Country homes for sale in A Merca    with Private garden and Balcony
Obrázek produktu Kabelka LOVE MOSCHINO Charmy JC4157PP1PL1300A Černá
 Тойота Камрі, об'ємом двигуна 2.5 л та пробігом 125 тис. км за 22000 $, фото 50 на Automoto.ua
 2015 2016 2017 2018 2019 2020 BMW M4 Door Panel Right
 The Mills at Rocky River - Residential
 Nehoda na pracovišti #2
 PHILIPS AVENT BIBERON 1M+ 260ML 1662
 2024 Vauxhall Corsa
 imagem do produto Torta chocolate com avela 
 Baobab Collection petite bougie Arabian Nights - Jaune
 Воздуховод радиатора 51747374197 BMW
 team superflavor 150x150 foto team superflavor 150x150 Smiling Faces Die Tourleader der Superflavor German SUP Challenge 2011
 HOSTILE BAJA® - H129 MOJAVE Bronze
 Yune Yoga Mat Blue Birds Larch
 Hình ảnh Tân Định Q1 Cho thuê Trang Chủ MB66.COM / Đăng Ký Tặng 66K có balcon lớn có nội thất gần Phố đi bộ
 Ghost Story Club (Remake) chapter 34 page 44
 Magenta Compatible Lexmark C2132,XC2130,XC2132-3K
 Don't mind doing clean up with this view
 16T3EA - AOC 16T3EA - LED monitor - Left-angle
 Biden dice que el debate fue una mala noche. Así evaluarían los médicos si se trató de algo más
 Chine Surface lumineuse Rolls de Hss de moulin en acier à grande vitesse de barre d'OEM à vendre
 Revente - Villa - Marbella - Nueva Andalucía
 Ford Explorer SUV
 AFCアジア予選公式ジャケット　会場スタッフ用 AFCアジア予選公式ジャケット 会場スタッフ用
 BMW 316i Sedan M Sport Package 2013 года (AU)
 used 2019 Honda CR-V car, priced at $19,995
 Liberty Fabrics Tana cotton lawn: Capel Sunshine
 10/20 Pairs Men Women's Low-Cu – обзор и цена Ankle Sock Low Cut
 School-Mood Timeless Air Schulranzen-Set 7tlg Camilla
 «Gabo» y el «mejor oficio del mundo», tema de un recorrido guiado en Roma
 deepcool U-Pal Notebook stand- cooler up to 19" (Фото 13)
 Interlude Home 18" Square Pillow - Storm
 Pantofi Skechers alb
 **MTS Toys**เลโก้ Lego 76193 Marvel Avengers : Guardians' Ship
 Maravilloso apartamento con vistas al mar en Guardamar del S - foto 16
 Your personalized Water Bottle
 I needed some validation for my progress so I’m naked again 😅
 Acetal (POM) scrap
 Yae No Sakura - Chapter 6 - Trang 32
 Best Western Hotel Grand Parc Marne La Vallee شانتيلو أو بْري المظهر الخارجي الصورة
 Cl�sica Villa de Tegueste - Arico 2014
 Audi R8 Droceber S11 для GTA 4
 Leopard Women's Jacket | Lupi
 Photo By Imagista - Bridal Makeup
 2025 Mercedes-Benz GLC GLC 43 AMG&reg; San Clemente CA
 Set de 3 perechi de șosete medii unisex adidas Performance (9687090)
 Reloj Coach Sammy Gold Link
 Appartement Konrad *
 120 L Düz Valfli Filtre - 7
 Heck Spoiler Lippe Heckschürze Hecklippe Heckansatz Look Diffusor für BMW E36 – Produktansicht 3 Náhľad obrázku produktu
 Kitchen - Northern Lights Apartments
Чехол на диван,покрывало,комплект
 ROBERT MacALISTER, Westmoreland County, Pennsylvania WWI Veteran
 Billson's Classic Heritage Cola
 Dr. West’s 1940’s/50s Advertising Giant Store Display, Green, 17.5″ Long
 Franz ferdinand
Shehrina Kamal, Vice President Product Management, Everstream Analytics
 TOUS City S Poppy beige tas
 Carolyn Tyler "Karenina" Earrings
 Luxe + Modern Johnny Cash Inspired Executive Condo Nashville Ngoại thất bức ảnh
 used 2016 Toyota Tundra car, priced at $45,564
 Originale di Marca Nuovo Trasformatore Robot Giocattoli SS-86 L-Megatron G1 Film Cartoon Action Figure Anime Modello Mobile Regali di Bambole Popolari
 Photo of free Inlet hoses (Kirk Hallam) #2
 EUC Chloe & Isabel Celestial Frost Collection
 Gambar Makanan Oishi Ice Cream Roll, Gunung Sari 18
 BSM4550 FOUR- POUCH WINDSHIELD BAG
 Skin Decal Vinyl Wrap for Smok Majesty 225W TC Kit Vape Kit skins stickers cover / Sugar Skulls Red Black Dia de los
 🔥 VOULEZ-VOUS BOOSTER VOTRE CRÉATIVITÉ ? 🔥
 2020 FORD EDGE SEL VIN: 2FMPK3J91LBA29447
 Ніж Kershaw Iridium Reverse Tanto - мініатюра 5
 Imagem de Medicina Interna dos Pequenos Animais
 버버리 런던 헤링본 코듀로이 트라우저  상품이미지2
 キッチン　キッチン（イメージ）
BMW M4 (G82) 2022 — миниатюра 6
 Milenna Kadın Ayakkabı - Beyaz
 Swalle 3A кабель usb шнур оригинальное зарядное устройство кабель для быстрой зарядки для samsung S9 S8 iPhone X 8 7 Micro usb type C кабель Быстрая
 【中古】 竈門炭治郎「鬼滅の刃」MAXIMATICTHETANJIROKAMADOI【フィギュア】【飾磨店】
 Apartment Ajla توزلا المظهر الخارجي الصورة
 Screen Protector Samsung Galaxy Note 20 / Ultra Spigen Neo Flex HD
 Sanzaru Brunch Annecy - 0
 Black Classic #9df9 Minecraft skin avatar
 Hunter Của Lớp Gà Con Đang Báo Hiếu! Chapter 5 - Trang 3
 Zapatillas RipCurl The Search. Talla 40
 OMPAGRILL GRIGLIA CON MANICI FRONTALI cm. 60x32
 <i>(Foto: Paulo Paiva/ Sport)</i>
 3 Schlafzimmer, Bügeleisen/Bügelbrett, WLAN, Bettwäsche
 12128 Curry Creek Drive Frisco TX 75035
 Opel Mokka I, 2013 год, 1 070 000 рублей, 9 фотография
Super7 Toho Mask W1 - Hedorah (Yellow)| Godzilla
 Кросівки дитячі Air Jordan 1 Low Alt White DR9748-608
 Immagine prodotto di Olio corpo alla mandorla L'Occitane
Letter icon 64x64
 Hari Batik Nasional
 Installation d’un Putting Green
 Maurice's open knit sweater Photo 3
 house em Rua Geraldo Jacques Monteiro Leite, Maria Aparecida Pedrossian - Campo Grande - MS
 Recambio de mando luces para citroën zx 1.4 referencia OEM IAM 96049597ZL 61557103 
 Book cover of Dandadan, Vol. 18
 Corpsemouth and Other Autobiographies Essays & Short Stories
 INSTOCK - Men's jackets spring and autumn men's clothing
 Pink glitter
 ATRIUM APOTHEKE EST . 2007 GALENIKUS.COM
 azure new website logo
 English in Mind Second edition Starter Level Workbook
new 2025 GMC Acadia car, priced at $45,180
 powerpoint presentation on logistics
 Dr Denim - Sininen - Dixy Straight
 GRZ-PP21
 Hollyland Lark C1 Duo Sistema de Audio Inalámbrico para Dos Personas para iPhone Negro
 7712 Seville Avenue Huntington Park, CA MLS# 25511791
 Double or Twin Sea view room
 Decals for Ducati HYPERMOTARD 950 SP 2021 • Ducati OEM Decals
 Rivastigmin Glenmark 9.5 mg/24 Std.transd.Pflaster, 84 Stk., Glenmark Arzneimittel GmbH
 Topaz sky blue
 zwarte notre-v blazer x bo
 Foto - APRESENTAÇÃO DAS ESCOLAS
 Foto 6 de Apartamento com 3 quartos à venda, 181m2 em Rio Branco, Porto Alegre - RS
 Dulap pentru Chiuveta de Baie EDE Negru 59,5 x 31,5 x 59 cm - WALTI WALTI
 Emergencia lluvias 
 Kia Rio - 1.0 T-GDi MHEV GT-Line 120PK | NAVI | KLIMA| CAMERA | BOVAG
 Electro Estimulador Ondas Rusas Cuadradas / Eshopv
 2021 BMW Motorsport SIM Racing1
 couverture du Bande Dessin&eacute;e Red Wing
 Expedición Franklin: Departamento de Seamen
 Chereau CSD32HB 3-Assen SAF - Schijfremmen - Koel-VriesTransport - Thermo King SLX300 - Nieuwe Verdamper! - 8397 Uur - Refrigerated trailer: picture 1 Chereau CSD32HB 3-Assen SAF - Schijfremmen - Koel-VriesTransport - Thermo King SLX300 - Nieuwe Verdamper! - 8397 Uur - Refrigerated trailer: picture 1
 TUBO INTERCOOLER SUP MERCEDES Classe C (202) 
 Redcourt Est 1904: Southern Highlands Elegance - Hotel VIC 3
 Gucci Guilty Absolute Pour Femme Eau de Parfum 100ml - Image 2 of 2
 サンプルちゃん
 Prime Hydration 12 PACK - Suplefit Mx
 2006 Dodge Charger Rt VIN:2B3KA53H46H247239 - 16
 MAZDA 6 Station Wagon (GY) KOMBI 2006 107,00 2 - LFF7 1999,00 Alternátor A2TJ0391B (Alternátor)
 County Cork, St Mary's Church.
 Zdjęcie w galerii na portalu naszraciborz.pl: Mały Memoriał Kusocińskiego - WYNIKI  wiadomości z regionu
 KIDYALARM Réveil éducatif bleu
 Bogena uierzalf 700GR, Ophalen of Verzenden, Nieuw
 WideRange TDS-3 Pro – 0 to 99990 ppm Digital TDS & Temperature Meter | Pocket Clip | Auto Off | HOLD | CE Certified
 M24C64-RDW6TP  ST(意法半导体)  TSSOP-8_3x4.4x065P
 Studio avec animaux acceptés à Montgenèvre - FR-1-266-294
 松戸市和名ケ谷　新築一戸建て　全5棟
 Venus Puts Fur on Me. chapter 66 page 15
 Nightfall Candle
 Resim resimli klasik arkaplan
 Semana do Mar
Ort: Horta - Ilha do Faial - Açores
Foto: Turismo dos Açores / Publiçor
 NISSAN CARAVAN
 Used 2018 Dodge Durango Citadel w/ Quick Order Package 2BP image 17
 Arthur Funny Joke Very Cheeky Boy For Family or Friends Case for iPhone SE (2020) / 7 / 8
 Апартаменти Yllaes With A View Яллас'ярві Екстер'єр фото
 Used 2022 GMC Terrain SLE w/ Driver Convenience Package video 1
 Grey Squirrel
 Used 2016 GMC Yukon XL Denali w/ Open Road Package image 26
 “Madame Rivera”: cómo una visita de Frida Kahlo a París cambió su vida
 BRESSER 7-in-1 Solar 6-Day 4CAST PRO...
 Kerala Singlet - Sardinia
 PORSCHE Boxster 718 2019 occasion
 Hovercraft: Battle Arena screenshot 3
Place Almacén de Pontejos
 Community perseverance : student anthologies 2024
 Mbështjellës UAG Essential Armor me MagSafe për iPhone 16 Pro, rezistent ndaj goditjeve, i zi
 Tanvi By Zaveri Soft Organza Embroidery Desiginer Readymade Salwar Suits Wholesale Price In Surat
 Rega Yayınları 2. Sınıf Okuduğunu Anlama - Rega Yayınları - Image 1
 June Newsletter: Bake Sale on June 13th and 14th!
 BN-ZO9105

### ASSIGNMENT
Every line above with the string "thất" in it needs to be copied.

### TASK RESPONSE
 Hình ảnh Tân Định Q1 Cho thuê Trang Chủ MB66.COM / Đăng Ký Tặng 66K có balcon lớn có nội thất gần Phố đi bộ
 Luxe + Modern Johnny Cash Inspired Executive Condo Nashville Ngoại thất bức ảnh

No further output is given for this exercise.